_Your assignment_.
Quote exactly, and only, the lines of the material below from the line with "Retro Snake fast icon" through the line with "CHORVÁTSKO - LUXUS".

_Exercise input_.
━━━━━━━━━━━━━━━━

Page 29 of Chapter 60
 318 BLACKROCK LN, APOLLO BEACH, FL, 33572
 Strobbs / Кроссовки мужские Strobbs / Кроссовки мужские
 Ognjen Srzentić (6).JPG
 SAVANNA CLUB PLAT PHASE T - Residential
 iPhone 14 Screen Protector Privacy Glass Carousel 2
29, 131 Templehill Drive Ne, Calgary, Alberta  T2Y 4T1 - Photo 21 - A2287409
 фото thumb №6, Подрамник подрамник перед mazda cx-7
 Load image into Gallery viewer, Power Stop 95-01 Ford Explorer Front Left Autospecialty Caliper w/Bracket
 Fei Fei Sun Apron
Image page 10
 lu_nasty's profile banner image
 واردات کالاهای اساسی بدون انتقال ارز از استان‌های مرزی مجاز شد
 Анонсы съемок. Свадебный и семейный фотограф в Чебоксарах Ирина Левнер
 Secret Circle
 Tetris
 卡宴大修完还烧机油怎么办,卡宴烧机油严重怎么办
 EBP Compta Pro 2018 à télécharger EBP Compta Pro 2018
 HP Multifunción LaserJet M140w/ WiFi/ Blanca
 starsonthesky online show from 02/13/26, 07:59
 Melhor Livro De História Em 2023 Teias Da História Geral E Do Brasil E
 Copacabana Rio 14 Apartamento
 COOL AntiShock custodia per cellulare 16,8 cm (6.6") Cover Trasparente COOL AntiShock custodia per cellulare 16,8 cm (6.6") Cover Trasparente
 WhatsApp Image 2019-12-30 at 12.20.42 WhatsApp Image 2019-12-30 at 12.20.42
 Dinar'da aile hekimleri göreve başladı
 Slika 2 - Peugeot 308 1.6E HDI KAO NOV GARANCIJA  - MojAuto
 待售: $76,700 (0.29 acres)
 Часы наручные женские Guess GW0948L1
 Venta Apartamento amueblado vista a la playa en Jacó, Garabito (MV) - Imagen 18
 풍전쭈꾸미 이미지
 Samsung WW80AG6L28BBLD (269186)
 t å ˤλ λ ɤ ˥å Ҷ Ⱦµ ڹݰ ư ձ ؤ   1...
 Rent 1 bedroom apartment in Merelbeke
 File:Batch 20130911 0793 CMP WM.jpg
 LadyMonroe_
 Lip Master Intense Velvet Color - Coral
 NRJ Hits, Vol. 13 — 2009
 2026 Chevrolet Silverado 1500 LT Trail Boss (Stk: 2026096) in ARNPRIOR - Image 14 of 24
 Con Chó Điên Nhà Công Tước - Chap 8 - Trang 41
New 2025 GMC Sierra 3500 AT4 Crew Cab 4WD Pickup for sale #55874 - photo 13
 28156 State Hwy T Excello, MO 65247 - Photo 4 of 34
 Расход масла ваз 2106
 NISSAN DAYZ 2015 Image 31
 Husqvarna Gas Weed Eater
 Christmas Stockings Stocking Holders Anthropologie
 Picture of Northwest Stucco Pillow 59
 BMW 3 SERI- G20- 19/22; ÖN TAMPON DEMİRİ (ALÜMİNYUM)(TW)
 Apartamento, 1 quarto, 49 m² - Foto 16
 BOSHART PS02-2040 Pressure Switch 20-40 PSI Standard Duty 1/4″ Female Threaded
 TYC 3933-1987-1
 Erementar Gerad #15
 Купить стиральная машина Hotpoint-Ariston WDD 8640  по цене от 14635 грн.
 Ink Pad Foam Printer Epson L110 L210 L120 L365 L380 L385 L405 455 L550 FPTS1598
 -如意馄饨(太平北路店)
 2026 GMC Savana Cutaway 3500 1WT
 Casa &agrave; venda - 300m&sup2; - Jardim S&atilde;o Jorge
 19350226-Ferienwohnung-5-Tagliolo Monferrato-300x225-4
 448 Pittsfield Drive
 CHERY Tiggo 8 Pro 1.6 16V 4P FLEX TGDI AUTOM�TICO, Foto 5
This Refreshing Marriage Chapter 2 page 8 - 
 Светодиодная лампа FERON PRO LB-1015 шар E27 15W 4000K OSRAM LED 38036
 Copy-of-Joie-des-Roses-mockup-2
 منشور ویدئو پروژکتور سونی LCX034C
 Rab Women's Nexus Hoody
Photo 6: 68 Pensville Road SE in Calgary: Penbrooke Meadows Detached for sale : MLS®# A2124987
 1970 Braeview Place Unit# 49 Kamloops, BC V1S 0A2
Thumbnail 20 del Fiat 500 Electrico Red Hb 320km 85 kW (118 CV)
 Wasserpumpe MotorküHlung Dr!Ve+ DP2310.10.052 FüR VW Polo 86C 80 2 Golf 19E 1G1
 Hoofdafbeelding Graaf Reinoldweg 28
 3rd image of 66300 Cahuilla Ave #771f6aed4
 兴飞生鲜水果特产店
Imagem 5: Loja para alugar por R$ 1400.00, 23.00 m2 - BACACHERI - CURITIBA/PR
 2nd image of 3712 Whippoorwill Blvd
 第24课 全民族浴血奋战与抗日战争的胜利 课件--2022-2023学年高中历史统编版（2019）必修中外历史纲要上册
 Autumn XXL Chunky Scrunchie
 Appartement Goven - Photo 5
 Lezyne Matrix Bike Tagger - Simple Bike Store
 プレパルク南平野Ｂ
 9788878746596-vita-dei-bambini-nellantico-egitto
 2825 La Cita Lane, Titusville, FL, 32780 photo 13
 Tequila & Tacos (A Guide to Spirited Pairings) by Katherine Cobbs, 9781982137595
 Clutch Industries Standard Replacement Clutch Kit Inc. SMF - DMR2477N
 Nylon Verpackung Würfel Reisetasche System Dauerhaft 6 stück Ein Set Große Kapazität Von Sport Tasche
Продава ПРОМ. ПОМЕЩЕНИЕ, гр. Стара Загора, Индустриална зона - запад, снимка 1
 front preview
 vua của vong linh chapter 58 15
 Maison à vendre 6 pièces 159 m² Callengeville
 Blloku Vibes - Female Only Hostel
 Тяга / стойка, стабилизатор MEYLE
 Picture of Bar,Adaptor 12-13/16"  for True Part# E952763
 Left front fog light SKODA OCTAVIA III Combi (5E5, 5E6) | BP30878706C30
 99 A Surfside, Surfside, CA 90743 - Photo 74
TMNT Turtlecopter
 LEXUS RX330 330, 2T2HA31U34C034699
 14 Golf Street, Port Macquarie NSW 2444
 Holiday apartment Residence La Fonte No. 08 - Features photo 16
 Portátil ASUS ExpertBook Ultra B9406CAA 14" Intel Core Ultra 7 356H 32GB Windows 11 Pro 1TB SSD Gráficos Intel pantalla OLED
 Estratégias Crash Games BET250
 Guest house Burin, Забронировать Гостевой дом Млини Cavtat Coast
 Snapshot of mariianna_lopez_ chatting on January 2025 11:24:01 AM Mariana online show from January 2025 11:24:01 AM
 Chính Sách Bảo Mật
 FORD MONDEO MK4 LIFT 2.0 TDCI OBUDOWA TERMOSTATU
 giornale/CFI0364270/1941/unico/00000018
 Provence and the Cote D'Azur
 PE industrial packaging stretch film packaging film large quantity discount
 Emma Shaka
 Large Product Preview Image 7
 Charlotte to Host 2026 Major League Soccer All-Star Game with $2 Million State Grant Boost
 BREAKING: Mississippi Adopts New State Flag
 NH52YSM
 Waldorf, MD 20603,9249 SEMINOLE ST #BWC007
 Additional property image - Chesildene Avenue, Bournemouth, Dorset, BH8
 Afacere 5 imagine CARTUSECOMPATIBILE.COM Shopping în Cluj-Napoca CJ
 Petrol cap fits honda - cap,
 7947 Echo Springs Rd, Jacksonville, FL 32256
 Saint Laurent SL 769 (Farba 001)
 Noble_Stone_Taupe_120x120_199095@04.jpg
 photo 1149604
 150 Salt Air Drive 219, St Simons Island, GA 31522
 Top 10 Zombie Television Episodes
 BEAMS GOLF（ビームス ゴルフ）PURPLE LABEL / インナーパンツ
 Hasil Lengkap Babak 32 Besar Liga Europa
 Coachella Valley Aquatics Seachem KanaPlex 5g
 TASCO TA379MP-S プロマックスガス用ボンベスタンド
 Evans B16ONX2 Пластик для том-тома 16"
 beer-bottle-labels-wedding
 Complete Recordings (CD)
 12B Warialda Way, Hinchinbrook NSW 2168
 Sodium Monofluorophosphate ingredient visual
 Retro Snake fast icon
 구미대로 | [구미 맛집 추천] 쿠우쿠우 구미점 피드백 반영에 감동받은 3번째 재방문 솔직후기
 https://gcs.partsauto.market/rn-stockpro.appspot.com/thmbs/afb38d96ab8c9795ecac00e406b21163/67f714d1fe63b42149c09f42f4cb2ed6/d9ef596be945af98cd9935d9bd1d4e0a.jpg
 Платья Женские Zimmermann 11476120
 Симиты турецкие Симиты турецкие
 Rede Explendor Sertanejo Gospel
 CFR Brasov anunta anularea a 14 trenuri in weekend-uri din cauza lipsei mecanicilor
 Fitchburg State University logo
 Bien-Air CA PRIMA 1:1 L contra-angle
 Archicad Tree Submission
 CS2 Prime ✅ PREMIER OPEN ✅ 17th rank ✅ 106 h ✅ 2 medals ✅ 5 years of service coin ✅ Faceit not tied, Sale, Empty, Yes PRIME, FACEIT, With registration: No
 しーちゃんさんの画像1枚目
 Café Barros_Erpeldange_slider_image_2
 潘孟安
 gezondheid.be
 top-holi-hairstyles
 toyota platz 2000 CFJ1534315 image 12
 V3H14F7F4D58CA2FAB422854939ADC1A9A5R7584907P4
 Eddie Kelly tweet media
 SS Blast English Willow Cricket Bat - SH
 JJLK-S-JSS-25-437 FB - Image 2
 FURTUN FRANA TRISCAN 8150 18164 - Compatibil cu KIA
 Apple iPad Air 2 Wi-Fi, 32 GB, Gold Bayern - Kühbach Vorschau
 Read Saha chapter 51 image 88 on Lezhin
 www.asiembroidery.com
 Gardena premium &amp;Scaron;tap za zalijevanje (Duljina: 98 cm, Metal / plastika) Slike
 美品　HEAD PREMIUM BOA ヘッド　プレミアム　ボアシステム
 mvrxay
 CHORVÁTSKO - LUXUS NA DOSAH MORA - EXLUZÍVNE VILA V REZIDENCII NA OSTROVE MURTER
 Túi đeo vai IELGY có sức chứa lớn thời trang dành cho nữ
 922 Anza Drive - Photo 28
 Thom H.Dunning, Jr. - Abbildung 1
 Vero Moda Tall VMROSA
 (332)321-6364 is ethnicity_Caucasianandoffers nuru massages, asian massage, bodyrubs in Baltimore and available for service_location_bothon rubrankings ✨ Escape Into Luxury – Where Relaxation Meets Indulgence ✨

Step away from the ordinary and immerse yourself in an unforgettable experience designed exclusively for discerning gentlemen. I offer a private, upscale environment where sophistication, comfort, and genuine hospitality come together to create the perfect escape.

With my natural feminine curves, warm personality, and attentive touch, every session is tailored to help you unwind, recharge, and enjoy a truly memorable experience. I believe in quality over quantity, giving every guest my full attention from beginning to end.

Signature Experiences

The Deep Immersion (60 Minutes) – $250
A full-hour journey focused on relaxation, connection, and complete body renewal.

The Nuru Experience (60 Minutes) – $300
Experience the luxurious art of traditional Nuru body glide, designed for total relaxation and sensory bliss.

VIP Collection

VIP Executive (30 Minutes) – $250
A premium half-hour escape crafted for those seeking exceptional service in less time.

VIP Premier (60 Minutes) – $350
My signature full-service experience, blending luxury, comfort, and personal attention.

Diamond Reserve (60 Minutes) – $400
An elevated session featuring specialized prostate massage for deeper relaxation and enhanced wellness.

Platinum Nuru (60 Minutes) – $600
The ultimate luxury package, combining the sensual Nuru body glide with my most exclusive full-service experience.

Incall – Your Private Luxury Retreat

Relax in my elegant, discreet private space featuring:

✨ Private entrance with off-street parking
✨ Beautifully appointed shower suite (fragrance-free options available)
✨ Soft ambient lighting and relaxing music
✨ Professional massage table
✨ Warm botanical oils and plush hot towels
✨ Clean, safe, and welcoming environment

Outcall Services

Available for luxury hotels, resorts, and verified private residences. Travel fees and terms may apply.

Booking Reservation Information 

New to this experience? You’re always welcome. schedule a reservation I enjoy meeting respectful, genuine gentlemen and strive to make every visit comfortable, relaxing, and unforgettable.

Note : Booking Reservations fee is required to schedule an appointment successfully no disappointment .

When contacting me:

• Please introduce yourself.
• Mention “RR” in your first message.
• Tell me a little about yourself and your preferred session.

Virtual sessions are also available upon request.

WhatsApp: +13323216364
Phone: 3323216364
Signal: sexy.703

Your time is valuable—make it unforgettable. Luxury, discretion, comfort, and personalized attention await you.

━━━━━━━━━━━━━━━━

_Expected answer_.
 Retro Snake fast icon
 구미대로 | [구미 맛집 추천] 쿠우쿠우 구미점 피드백 반영에 감동받은 3번째 재방문 솔직후기
 https://gcs.partsauto.market/rn-stockpro.appspot.com/thmbs/afb38d96ab8c9795ecac00e406b21163/67f714d1fe63b42149c09f42f4cb2ed6/d9ef596be945af98cd9935d9bd1d4e0a.jpg
 Платья Женские Zimmermann 11476120
 Симиты турецкие Симиты турецкие
 Rede Explendor Sertanejo Gospel
 CFR Brasov anunta anularea a 14 trenuri in weekend-uri din cauza lipsei mecanicilor
 Fitchburg State University logo
 Bien-Air CA PRIMA 1:1 L contra-angle
 Archicad Tree Submission
 CS2 Prime ✅ PREMIER OPEN ✅ 17th rank ✅ 106 h ✅ 2 medals ✅ 5 years of service coin ✅ Faceit not tied, Sale, Empty, Yes PRIME, FACEIT, With registration: No
 しーちゃんさんの画像1枚目
 Café Barros_Erpeldange_slider_image_2
 潘孟安
 gezondheid.be
 top-holi-hairstyles
 toyota platz 2000 CFJ1534315 image 12
 V3H14F7F4D58CA2FAB422854939ADC1A9A5R7584907P4
 Eddie Kelly tweet media
 SS Blast English Willow Cricket Bat - SH
 JJLK-S-JSS-25-437 FB - Image 2
 FURTUN FRANA TRISCAN 8150 18164 - Compatibil cu KIA
 Apple iPad Air 2 Wi-Fi, 32 GB, Gold Bayern - Kühbach Vorschau
 Read Saha chapter 51 image 88 on Lezhin
 www.asiembroidery.com
 Gardena premium &amp;Scaron;tap za zalijevanje (Duljina: 98 cm, Metal / plastika) Slike
 美品　HEAD PREMIUM BOA ヘッド　プレミアム　ボアシステム
 mvrxay
 CHORVÁTSKO - LUXUS NA DOSAH MORA - EXLUZÍVNE VILA V REZIDENCII NA OSTROVE MURTER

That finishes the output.